Per arrivarci, Danilo Re parte dala considerazione che «già dal Settecento era stata avanzata l’ipotesi di un collegamento non soltanto etimologico tra il re tirreno Arimnestos e la città di Rimini, ad opera del gesuita Luigi Lanzi, appassionato studioso di storia dell’arte e contemporaneamente della lingua etrusca, nel suo “Saggio di lingua etrusca e di altre antiche d’Italia” (Roma, 1789)». Dopo di che si soffema su quanto segnalato da Andrea Antonioli, il quale «insiste giustamente su “un elemento fino ad oggi pressoché ignorato dagli studiosi”, ovvero che il lemma etrusco *arim sta a significare “scimmia”». Lo svela Servio Mario Onorato, grammatico della fine del IV secolo, che scrive: «Simiae (…) quas Etruscorum lingua arimos dicunt».
Ma cosa c’entrano le scimmie con Verucchio?
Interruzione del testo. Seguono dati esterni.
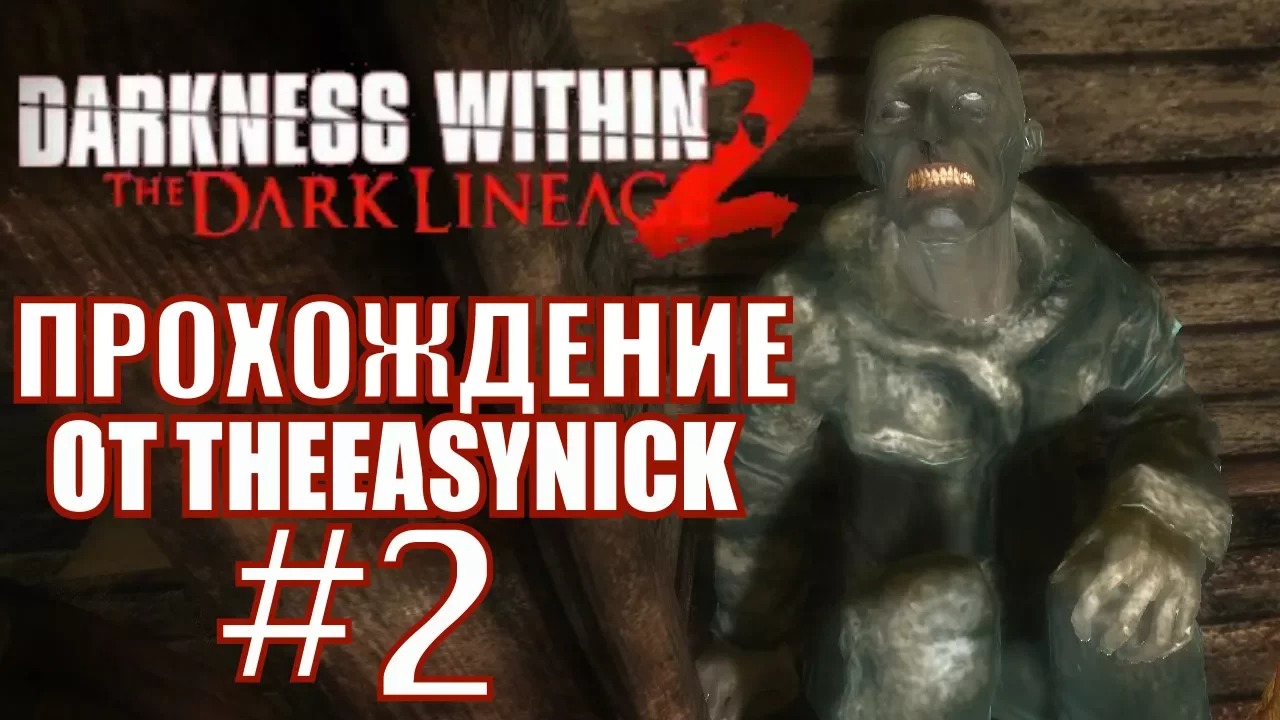 Darkness Within 2. Прохождение. #2. Старый дом.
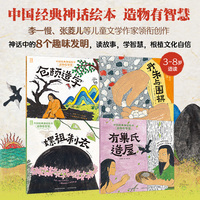 中国经典神话绘本 造物有智慧（仓颉造字、丹朱与围棋、有巢氏造屋、嫘祖制衣）（4册）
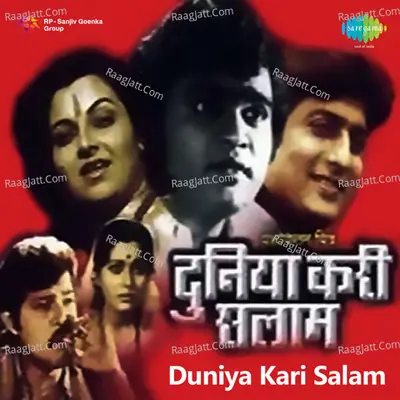 Duniya Kari Salam - Ram Kadam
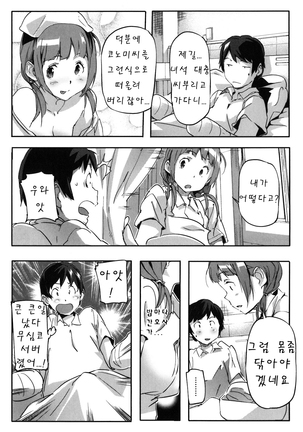 Puru Puru Milk Pudding 프딩프딩 밀크푸딩 Page #39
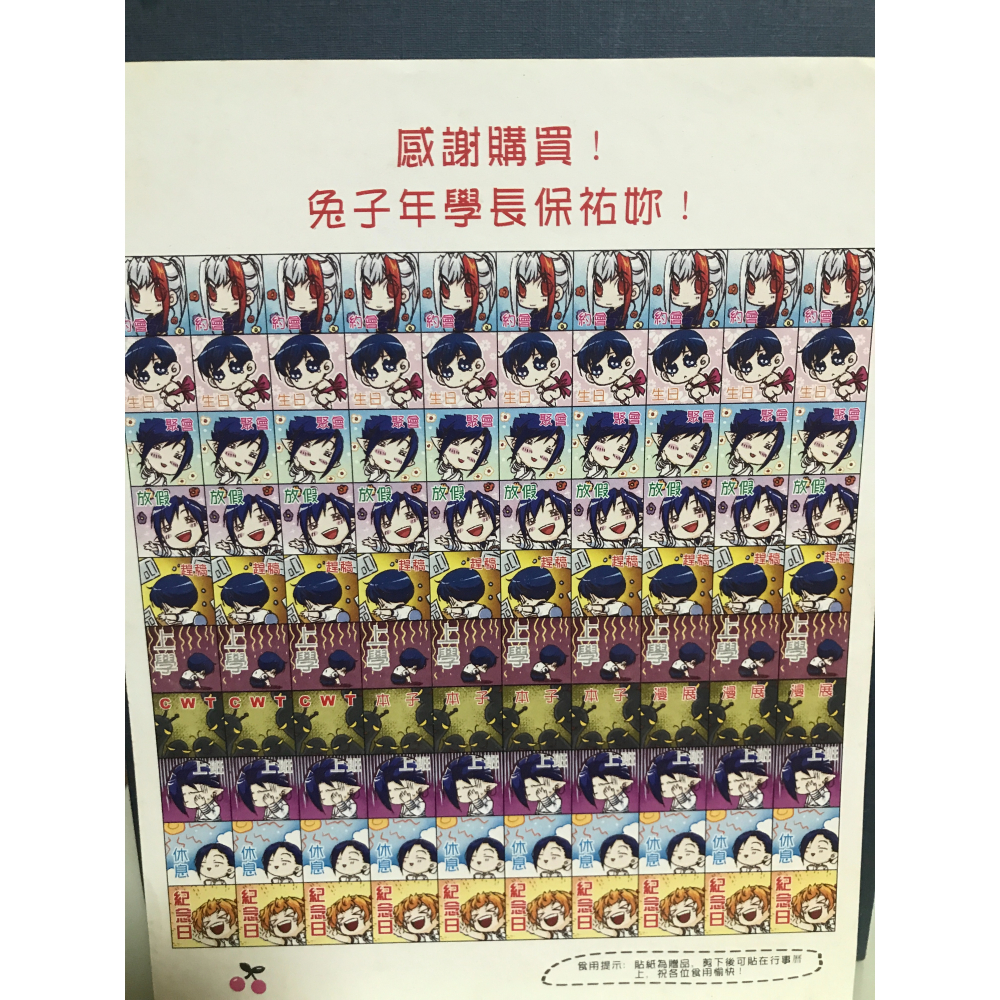 南瓜傳說｜特殊傳說｜2011年南瓜行事曆｜桌曆｜紅麟廢材組-細節圖6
Non lo sappiamo, fatto sta che ce ne sono eccome: «A Verucchio una ricca simbologia di motivi figurativi connessa alla scimmia appare su diversi oggetti e tutti in sepolture esclusivamente eminenti, il cui esempio più splendido è l’immanicatura in avorio con sembianze di scimmia appartenente a un coltello rinvenuto proprio nella Tomba Lippi 89. Molto più diffusi risultano i nettaunghie, che sono presenti in numerose tombe, tra cui l’esemplare più significativo è proprio quello proveniente dalla Tomba 89, con la presa a forma di scimmietta rannicchiata, mentre in certi casi, unicamente riscontrati a Verucchio, le scimmie vengono raffigurate contrapposte».
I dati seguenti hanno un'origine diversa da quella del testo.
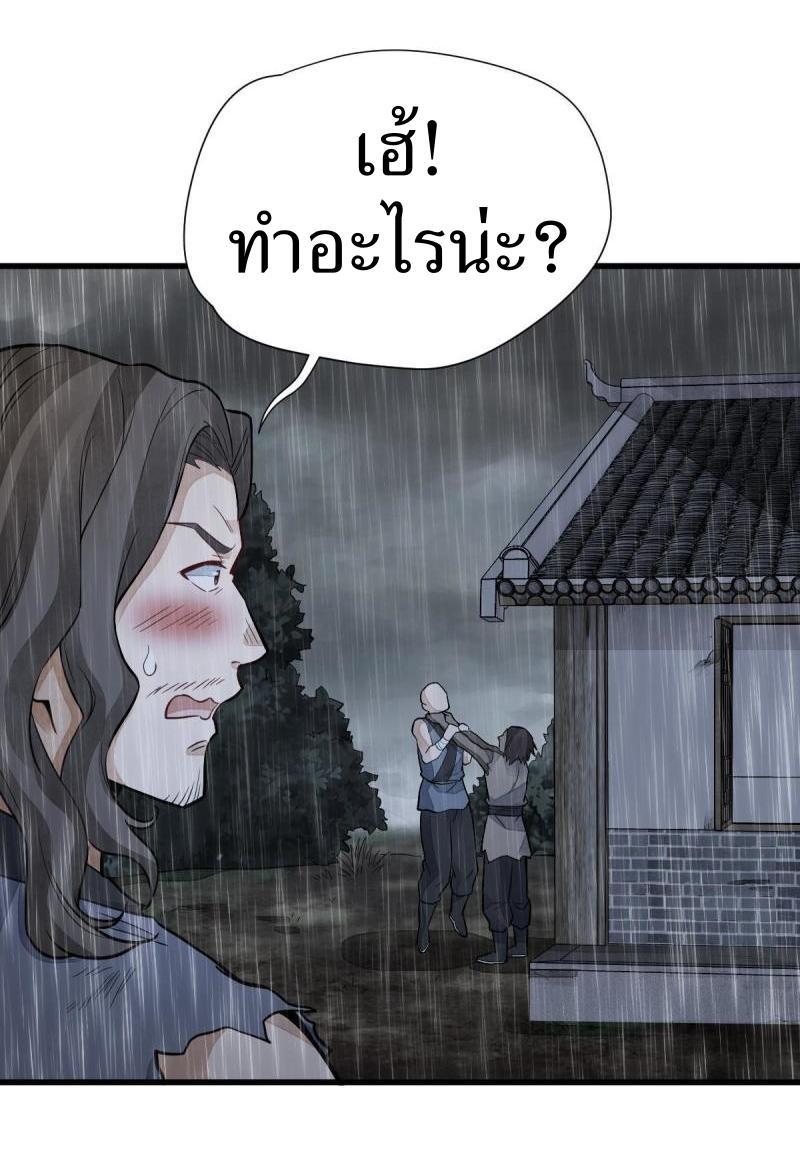 ChronoGo ตอนที่ 159 แปลไทย รูปที่ 18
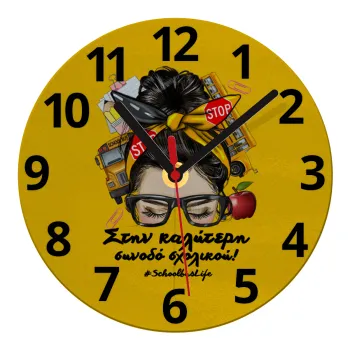 Στην καλύτερη συνοδό σχολικού!, Ρολόι τοίχου γυάλινο (20cm)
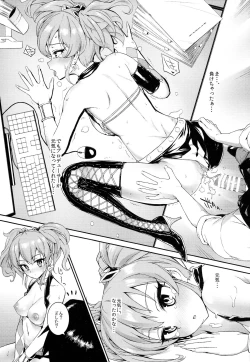 Page 19 of Nee,producer!! Watashi ga Genki ni Shite ageru☆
Seguendo Esiodo, la “terra degli Arimi” sarebbe legata ai miti dei mostruosi Tifone ed Echidna, il “vento di tempesta” e la terribile “vipera” che avrebbero simboleggiato forze primordiali e ostili della natura. «E se la terra degli Arimi fosse stata in realtà la Val Marecchia?», ipotizza Danilo Re. «Io suggerisco qui l’idea di un matrimonio esogamico, tra una nobile sacerdotessa di Verucchio ed un potente eroe guerriero proveniente di là dall’Adriatico». La scena di questo matrimonio, mitizzata da “fonti ostili”, cioè dai Greci, come l’unione fra spaventose entità straniere, “barbare”, sarebbe raffigurata su un trono verucchiese.
Impossibile sintetizzare qui la mole di spunti, osservazioni, riscontri archeologici e letterari alle tesi prospettate. Un percorso stimolante e seducente dove entrano le grotte di Onferno e, appunto, la rupe di Maiolo, Omero e l’isola di Ischia, gli Illiri e i Piceni, fino a individuare i confini precisi del regno degli “Arimi” nella valle del Marecchia e la genealogia dei loro sovrani. Con tanto amore per la propria terra e passione del ricercare quanto più possibile sulle sua origini.